Most importantly, Kliemt makes a compelling argument about the need for some other form of motivation to justify the moral force of conventions that emerge spontaneously, but are not directly self-enforcing.  Here, as Kliemt gently but firmly suggests, Jasay might avail himself of the now increasingly well-documented human tendency to value rules and rule-following for their own sake, once they are established as conventions.  This “intrinsic” value of rules could solve, or at least mitigate, the difficulties in (otherwise) enforcing satellite agreements such as promise-keeping.  One could use an “evolved brain architecture” argument (Barkow, Cosmides, and Tooby 1992) or a “social norms” argument (Gaus 2015; 2013) in ways that would make Jasay’s project look much less like a “trick” while fully preserving the “treat.”
Kliemt’s critique and extension of Jasay’s model of “anarchism, but...” is both useful and fundamentally faithful to the original intentions of that model.
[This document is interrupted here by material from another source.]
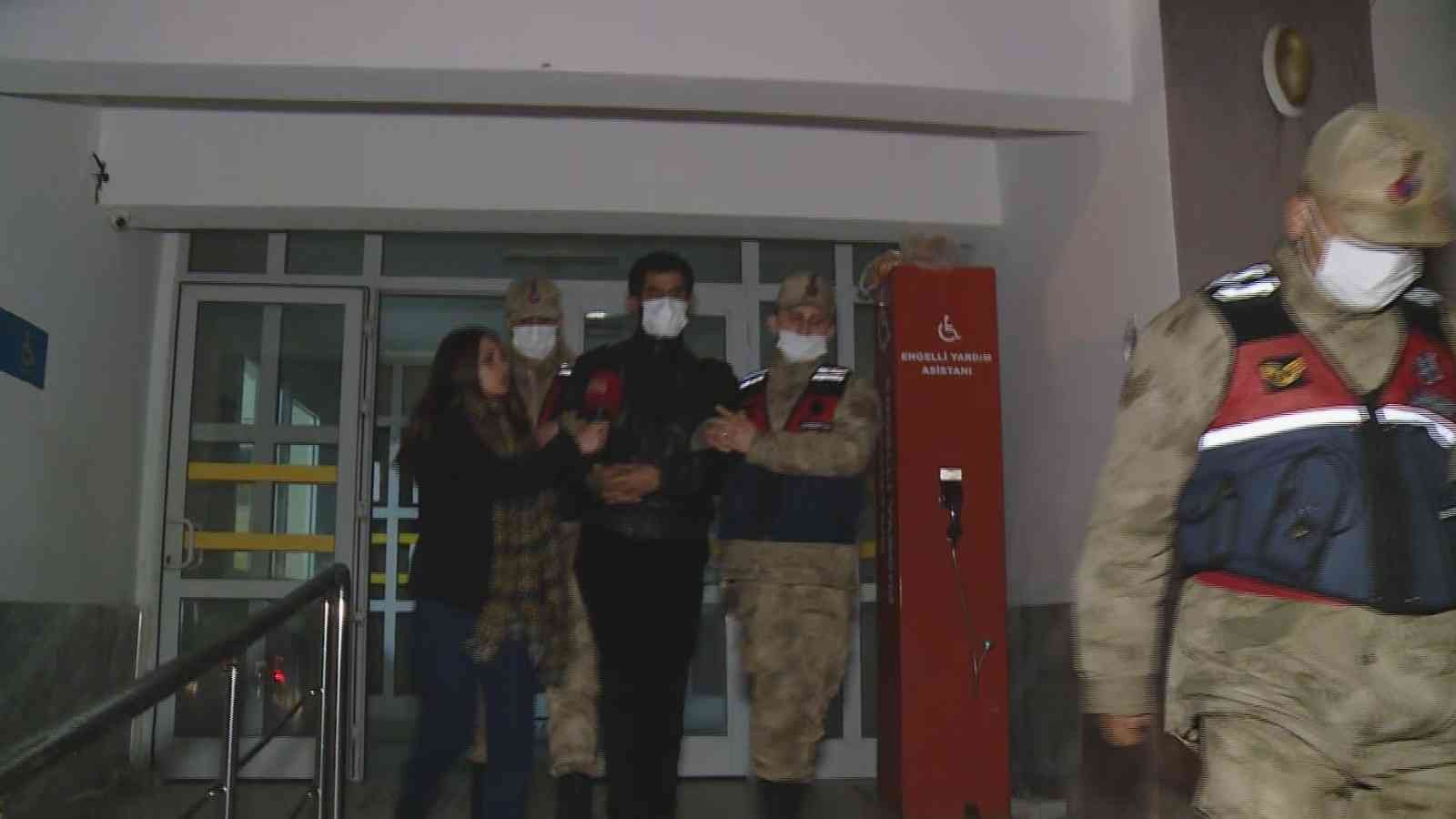 Sır cinayet 5 yıl sonra çözüldü Semira Arslan soruşturmasında iki amca ’cinayet’, dini nikahlı eşi İ.D. ve yasak aşk yaşadığı öne sürülen S.Ç. ise ’çocuğun nitelikli cinsel ...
Jasay does not just claim that existing states are not legitimated by tacit consent; he goes on to conclude that no state could be legitimated, even by actual consent.  This is, indeed, the fundamental anarchist conclusion.  The reason that Jasay is not an anarchist is that he concedes that, despite the failure of contractarian justifications, rational individuals would certainly acquiesce, and might even want to acquiesce—something close to voluntary endorsement—to the empirical fact of the existence of the state.  Just don’t call it voluntary.
References
Barkow, J., Cosmides, L. and Tooby, J. 1992. The Adapted Mind: Evolutionary Psychology and the Generation of Culture. New York: Oxford University Press.
Gaus, Jerry.  2013.  “Why the Conventionalist Needs the Social Contract (and Vice Versa).”  Rationality, Morality, and Markets. 4: 71–87.
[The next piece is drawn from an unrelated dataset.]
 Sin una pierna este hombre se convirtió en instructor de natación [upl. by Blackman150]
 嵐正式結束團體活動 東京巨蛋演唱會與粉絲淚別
_________.  2015.  “The Egalitarian Species." Social Philosophy and Policy.  In Press.
Jasay, Anthony de.  1999.  “On Treating Like Cases Alike:  Review of Politics by Principle Not Interest.” The Independent Review, IV (1): 107–18.
Jasay, Anthony de. 2000. “The Intellectual Portrait Series: A Conversation with Anthony de Jasay” (with Hartmut Kliemt). Indianapolis: Liberty Fund, 2000. </titles/959>.
Jasay, Anthony de.  2002. "Your Dog Owns Your House." April 22. Library of Economics and Liberty. Accessed 8/22/2015.